#### DATA SECTION:
——————————
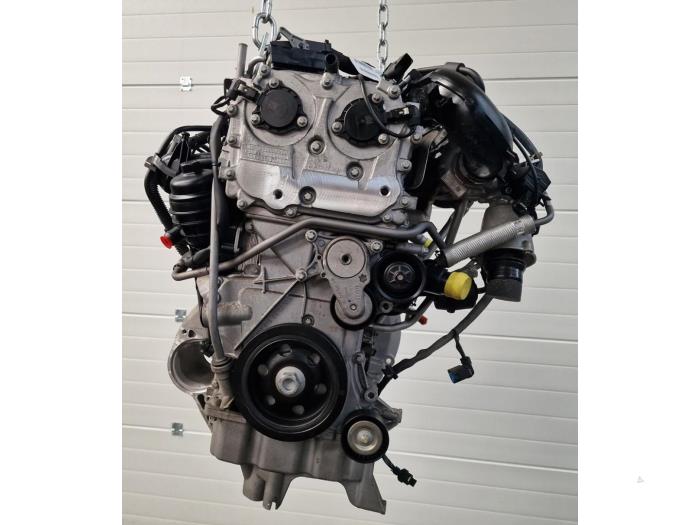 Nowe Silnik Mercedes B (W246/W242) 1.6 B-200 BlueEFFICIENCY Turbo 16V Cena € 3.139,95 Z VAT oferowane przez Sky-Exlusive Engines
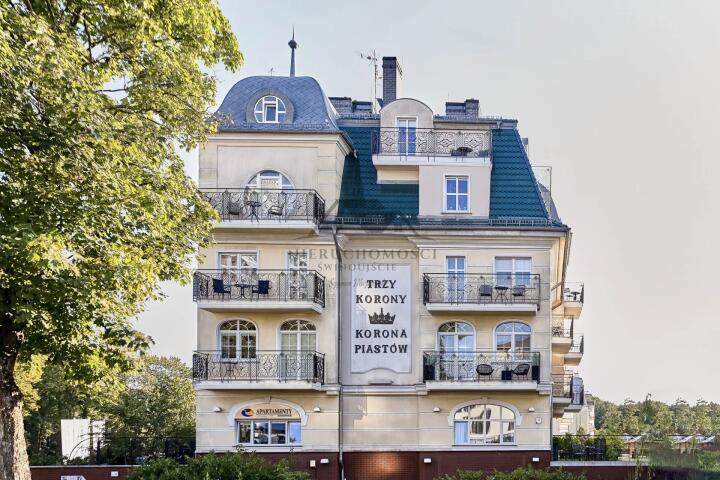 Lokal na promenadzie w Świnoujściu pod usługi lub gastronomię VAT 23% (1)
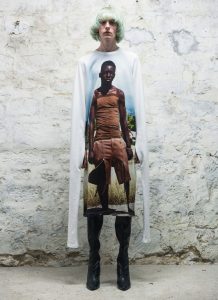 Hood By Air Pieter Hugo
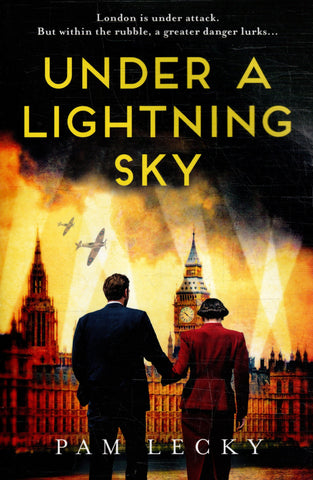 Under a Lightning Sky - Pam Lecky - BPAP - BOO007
——————————
#### PROBLEM DESCRIPTION:
Copy out exactly the lines from the one with "Hood By Air Pieter Hugo" through the end of the listing, both ends included, omitting any picture.

#### EXERCISE OUTPUT:
 Hood By Air Pieter Hugo
 Under a Lightning Sky - Pam Lecky - BPAP - BOO007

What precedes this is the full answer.